People magazine recently asked the president about Mary Cheney’s pregnancy. To his credit, Bush was relatively supportive: “I think Mary is going to be a loving soul to her child. And I’m happy for her.”
Apparently, Peter LaBarbera, a prominent anti-gay activist, was hoping for a little more.
President Bush has been too timid about using his Bully Pulpit to promote pro-family values, but occasionally he stumbles and uses it to advance the opposite. In this case, he could have declined comment altogether or, better, used this situation as a teaching moment to reaffirm the natural superiority of the God-ordained family.
Maybe the latter is asking too much of Mr. Bush given his relationship with the Cheneys, but I do wonder why a president who talks so openly about his Christian faith was unprepared or unwilling to apply it logically to this touchy situation.

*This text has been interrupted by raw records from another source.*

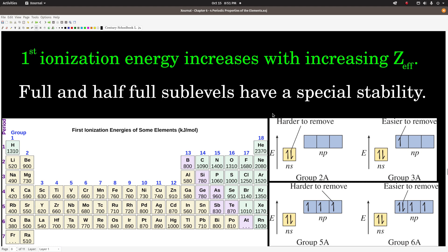However, there are some bumps. Looking at the second row, the first ionization energies in kilojoules per mole: lithium is 520, beryllium increases to 900, but then boron decreases. Then it goes up again. And then it goes down from 5A to 6A. We can explain this by looking at electron configurations. Full and half-full sub-levels have a special stability — they're hard to break compared to configurations that are neither full nor half-full.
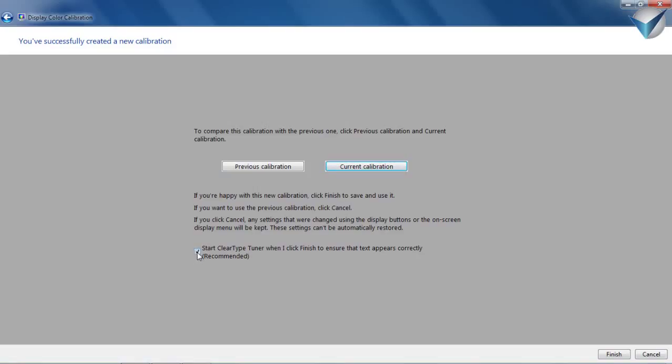And here guys, start clear type. Basically, if you check that one, it's gonna take you to another tab to make your text much better to read. Okay? And if you uncheck that one, of course you're not gonna see that. So I'm gonna check that one and press finish.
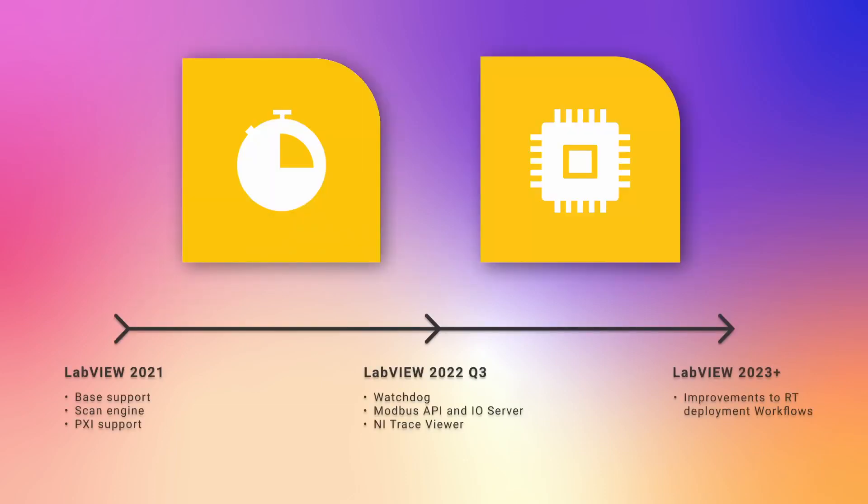For the new features regarding real-time, NI is adding Watchdog, Modbus API, and IO Server support. They are also adding support for the NI Trace Viewer, and for the end of this year in Q4, NI is adding support for the CompactRIO drivers for the 64-bit version of LabVIEW.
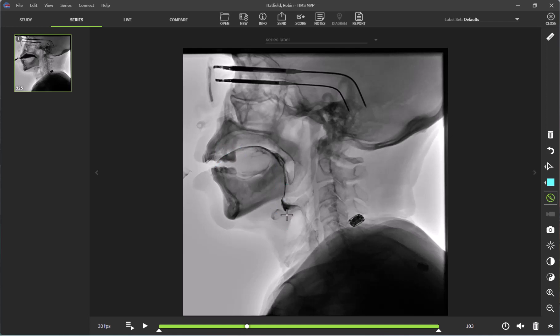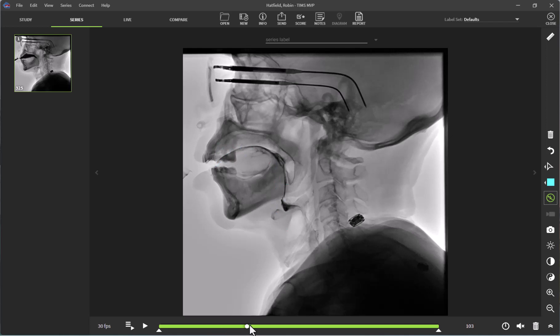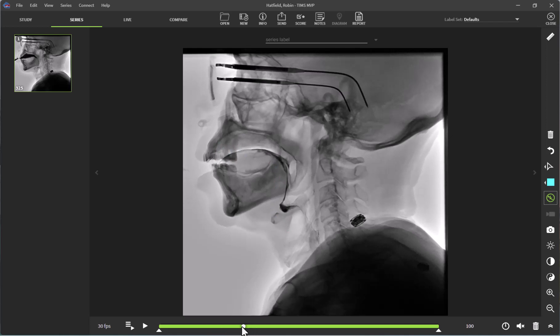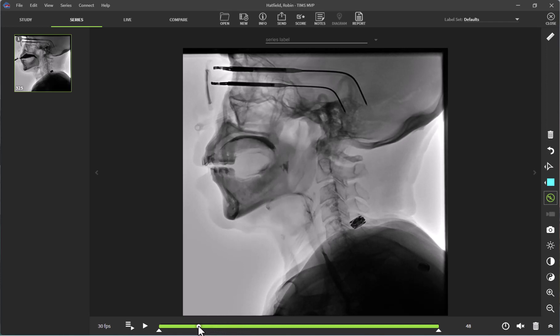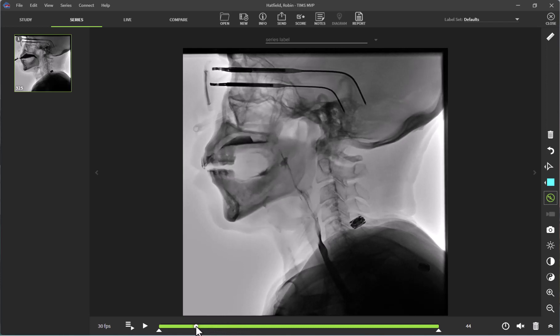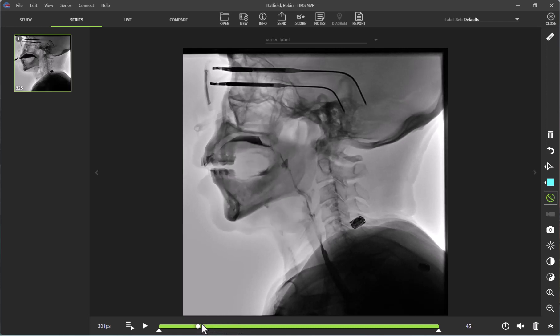To measure this, I am actually going to scrub backwards a little bit so that I can measure it when the residue is cohesive. You can conduct this measurement in whatever way is most efficient for you.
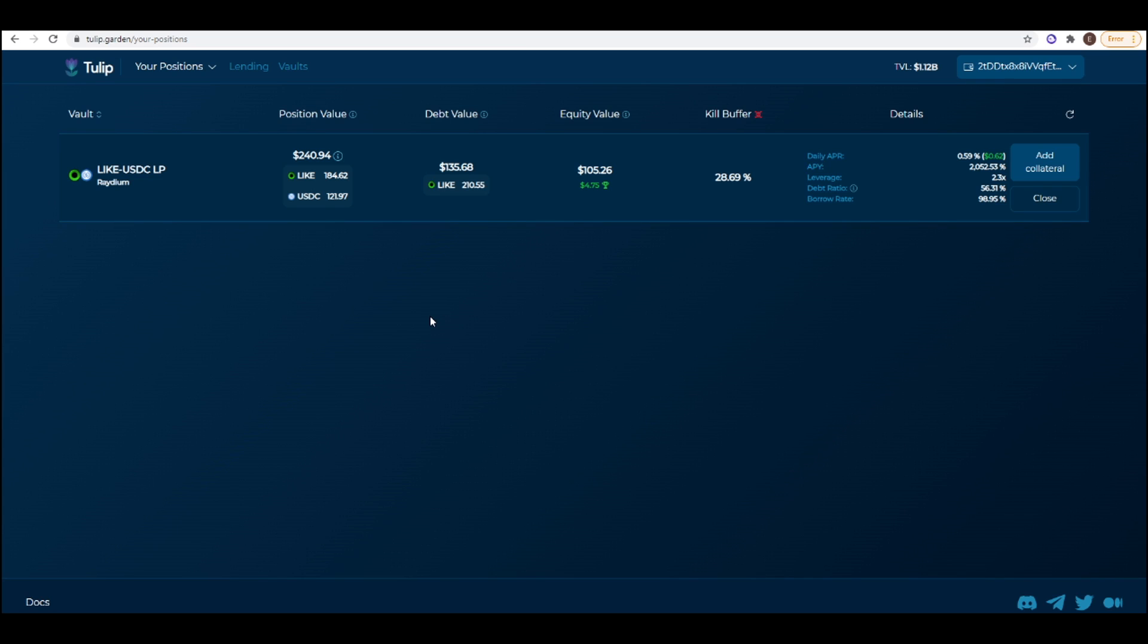Welcome everyone. In today's video I wanted to show you how you can set up a pseudo delta neutral position using a leveraged yield farming protocol.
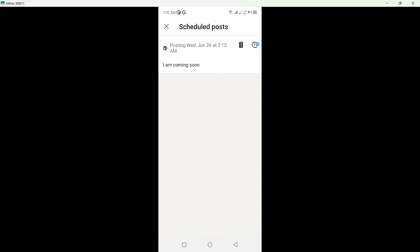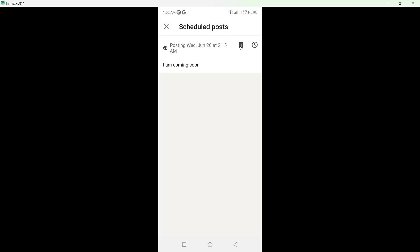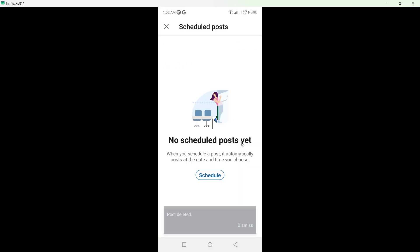If you want to change, you can change the time where you want to schedule it. And if you want to delete, you can click on this icon to delete this.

Assuming that as an evangelical Christian, Mr. Bush believes homosexual practice is sinful, are we to believe that this man who faced down Islamic radicalism and launched the War on Terror is afraid to say what he really believes about lesbians having children to be raised in homes that are fatherless by design?
You know, it’s almost as if LaBarbera was comparing terrorists to gays, suggesting that Bush is afraid of one but not the other.
Wait, it gets better.
LaBarbera added:
The whole Mary Cheney-baby episode typifies how the “gay” agenda advances in our emotionally-driven culture. The personal becomes political, and “open and proud gays” use their relationships with family members, friends and co-workers to persuade them to embrace behaviors with which they once disagreed — or at least go silent about them. This is the goal of homosexual activists’ “coming out” strategy, which is brilliant in its manipulation of human nature.
Yes, as far as this far-right activist is concerned, Mary Cheney is the one politicizing her pregnancy. That would be the same Mary Cheney who hasn’t said a word publicly about her personal life, being accused by a man who has attacked her for being, in his word, “immoral.”
I suppose some of these religious right nuts deserve some credit for not being hypocritical. I’m sure there are a handful of partisans in the movement who thought, “Let’s take a pass on this one; she’s a Cheney.”
In this sense, these clowns are at least consistent. They’re so filled with hate, they’re not terribly concerned with whether the target of their ire as a “D” or an “R” after his or her name.